Firearms Owners Against Crime

Institute for Legal, Legislative and Educational Action

'We need the iPhone of guns': Will smart guns transform the gun industry? :: 08/07/2014

One of California's largest firearm stores recently added a peculiar new gun to its shelves. It requires an accessory: a black waterproof watch.

The watch's primary purpose is not to provide accurate time, though it does. The watch makes the gun think. Electronic chips inside the gun and the watch communicate with each other. If the watch is within close reach of the gun, a light on the grip turns green. Fire away. No watch means no green light. The gun becomes a paperweight.

A dream of gun-control advocates for decades, the Armatix iP1 is the country's first smart gun. Its introduction is seen as a landmark in efforts to reduce gun violence, suicides and accidental shootings.
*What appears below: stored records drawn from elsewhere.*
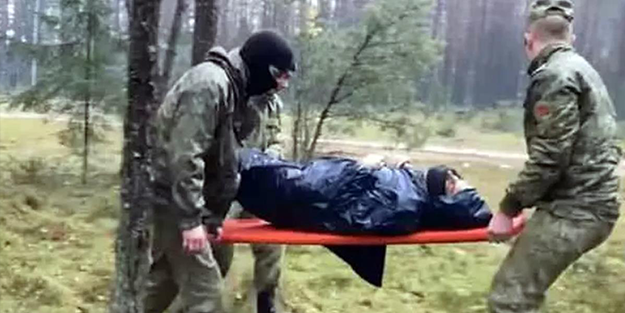 Sözün bittiği yer! Polonya, ölüm döşeğindeki Suriyelileri öldüresiye dövdü!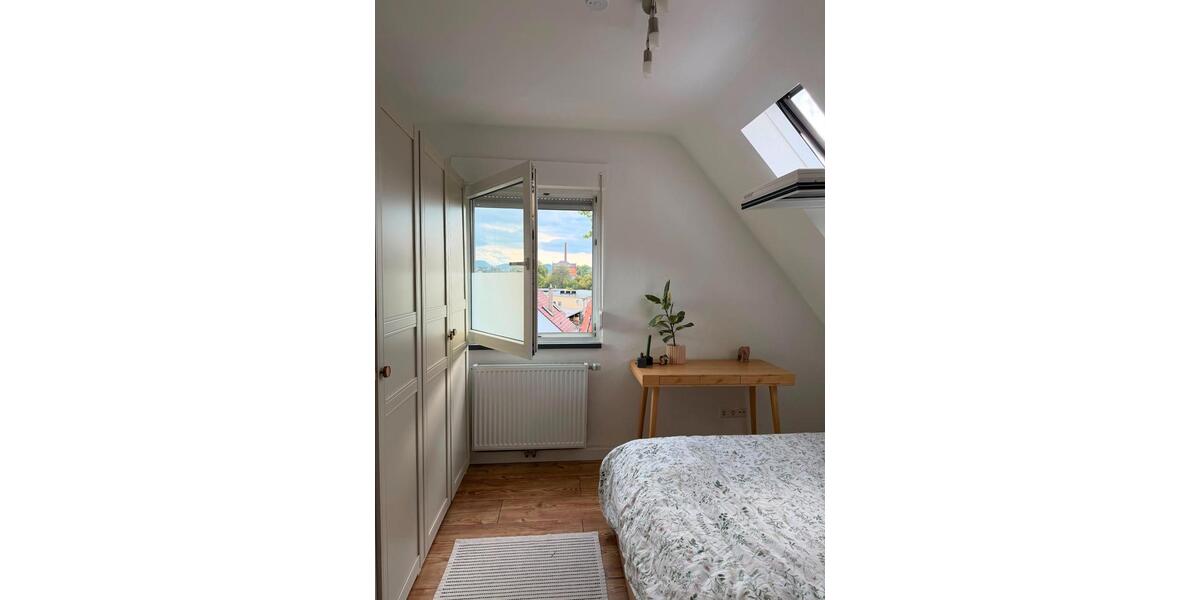 Dachgeschoßwohnung Reutlingen Orschel-Hagen - 3 Zimmer, 57 m&sup2;, 1.050&euro; | Angebot:27611736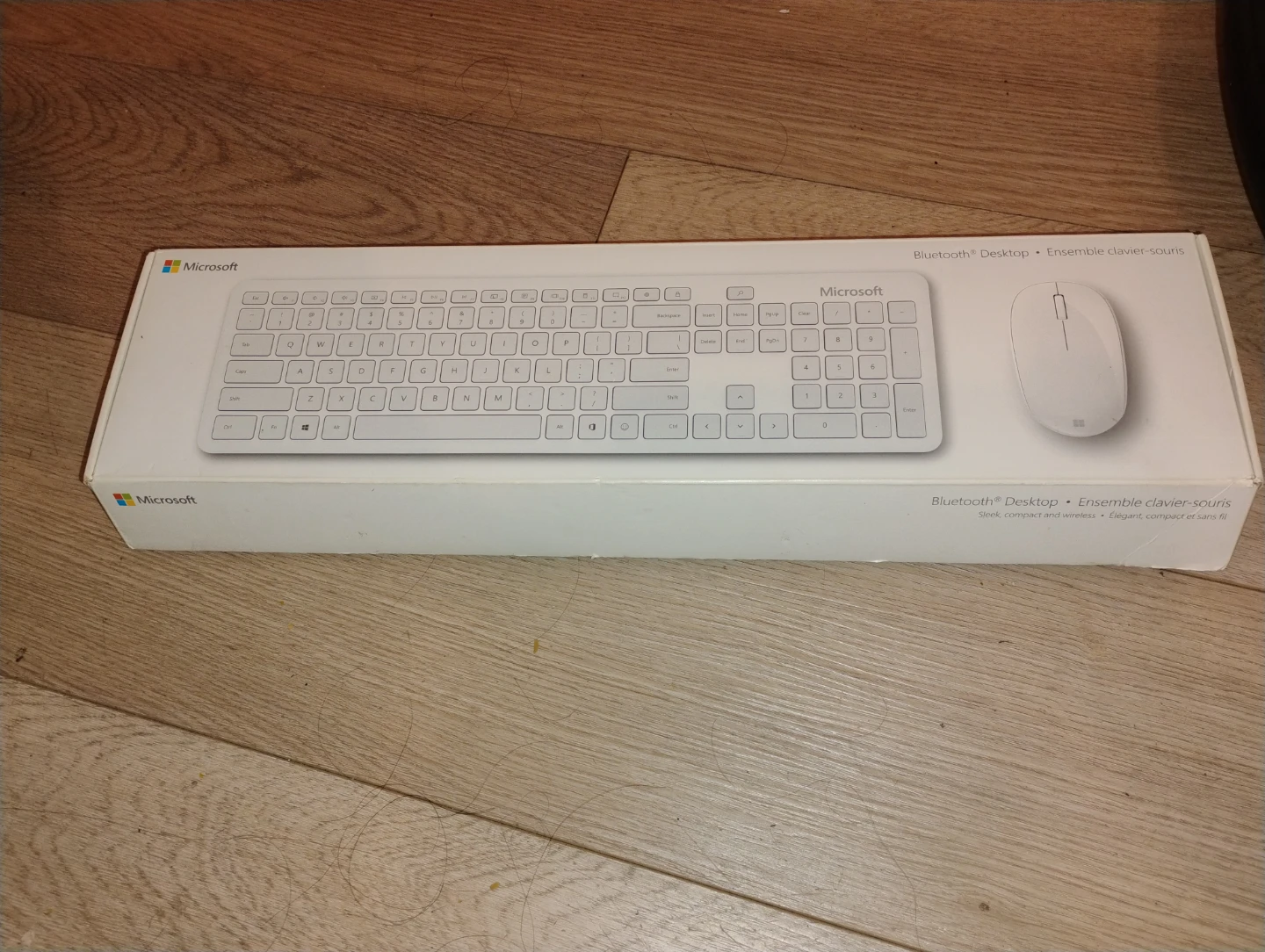 Microsoft Bluetooth Desktop Keyboard and Mouse Set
Proponents compare smart guns to automobile air bags — a transformative add-on that gun owners will demand. But gun rights advocates are already balking, wondering what happens if the technology fails just as an intruder breaks in.
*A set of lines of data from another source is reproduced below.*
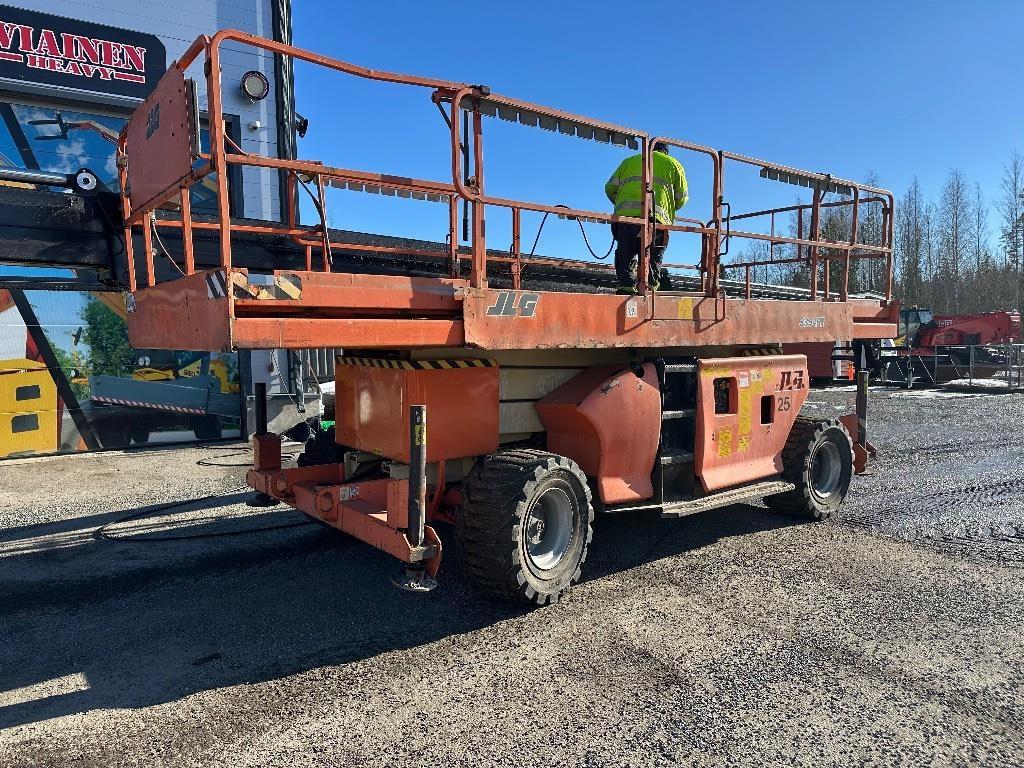 JLG 3394 RT Saksilavat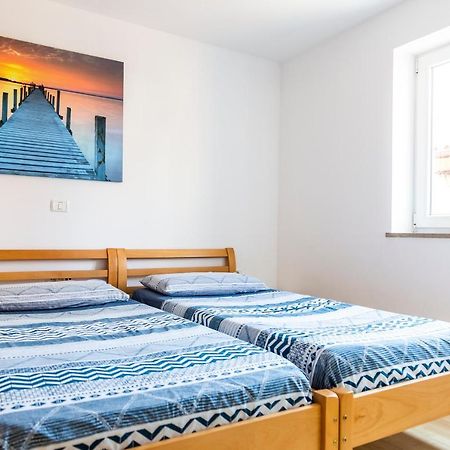 Sunny Old Town Apartment Koper Exterior photo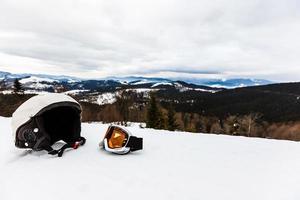 Skihelm und Skibrille liegen im Schnee foto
James Mitchell, the "extremely pro-gun" owner of the Oak Tree Gun Club, north of Los Angeles, isn't one of the skeptics. His club's firearms shop is the only outlet in the country selling the iP1. "It could revolutionize the gun industry," Mitchell declared.

The implications of the iP1's introduction are potentially enormous, both politically and economically. (And culturally — the gun that reads James Bond's palm print in "Skyfall" is no longer a futuristic plot twist.)